Start of EXTRACTED RECORDS
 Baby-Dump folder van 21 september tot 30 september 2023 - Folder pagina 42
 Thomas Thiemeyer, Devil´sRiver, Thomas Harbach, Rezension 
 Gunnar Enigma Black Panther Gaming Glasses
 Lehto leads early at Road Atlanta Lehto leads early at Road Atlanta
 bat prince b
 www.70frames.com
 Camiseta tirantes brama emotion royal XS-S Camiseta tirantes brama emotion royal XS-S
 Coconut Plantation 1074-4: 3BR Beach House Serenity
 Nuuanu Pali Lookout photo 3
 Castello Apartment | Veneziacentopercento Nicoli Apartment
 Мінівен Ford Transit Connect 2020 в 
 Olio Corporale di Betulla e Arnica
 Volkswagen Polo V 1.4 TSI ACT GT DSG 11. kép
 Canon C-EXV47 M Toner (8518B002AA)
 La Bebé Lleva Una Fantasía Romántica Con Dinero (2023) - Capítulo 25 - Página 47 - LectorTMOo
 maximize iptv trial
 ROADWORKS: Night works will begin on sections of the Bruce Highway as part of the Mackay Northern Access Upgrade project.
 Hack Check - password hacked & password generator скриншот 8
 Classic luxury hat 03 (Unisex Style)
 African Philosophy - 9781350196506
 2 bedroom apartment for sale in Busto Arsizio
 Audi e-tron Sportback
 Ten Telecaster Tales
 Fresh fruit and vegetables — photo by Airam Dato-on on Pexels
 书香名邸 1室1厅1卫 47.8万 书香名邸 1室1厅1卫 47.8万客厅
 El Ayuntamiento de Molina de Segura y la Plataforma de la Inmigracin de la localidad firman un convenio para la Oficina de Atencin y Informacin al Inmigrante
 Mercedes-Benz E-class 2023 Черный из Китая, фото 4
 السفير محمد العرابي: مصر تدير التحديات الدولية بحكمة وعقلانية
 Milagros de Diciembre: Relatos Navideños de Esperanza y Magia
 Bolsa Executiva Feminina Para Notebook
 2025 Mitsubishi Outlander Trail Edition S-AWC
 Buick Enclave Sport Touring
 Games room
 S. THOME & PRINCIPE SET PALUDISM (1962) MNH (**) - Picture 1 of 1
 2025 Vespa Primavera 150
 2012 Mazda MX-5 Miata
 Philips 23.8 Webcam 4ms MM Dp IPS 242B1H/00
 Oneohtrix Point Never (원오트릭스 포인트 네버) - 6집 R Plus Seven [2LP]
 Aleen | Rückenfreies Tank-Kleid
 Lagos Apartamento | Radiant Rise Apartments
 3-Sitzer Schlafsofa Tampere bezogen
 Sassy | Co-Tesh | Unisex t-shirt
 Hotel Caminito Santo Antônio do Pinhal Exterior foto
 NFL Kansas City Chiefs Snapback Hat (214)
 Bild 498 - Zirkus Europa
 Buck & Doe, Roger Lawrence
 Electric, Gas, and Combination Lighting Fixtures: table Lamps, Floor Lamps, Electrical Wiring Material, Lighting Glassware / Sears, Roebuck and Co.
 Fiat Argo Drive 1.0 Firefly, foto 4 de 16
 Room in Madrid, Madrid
End of EXTRACTED RECORDS
WORK TO COMPLETE
Count lines above containing "Unisex" and report only the total.

ANSWER BELOW
2